The English alphabet is by and large the Roman alphabet. The forerunners of European and American legal, constitutional, and administrative practice are Roman. The Founding Fathers of the American Republic were steeped in the language and literature of Rome, and the conceptions underlying our Constitution owe much to their study of that literature and to their understanding of Roman history as well as of Greek. The western genius for engineering is Roman. The great traditions of European and American letters descend from and repeatedly hark back to the Romans and through them to the Greeks. The same is true of ecclesiastical literature. When not Greek, the technical vocabularies of natural science, medicine, philosophy, and law are Latin in origin. In learning to speak English, therefore, we have already begun to learn Latin, and in studying Latin we learn to understand the English language ever so much better than we could hope to do without learning Latin.

Latin and Lancaster

"Lancaster", by the way, is a Latin word.
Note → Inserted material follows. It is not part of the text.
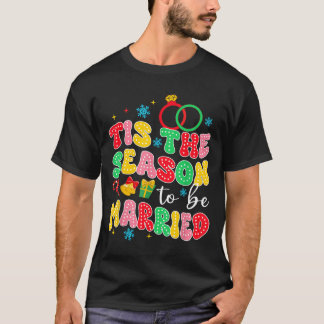 Camiseta Noiva Para Ser Festa de Solteira É a Temporada Par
It is compounded of a Latinized spelling of Lon: the Celtic name of the river flowing through the castra: the fortified Roman camp and the town that sprang up around it in northwestern England, where today lie the original City of Lancaster and the River Lune. "Lancaster" means the "military camp on the Lon".

Enjoyable and Rewarding

As with Greek, so with Latin, The Lancaster Center for Classical Studies employs methods of instruction designed to make this fundamental and pervasive ingredient in the English language accessible and its study inviting and enjoyable for active, eager learners. We offer courses at the introductory, intermediate, and advanced levels, culminating in the opportunity to read in their own words the great works of Caesar, Cicero, Vergil, Livy, Ovid, Jerome, Augustine, Boethius, and many others.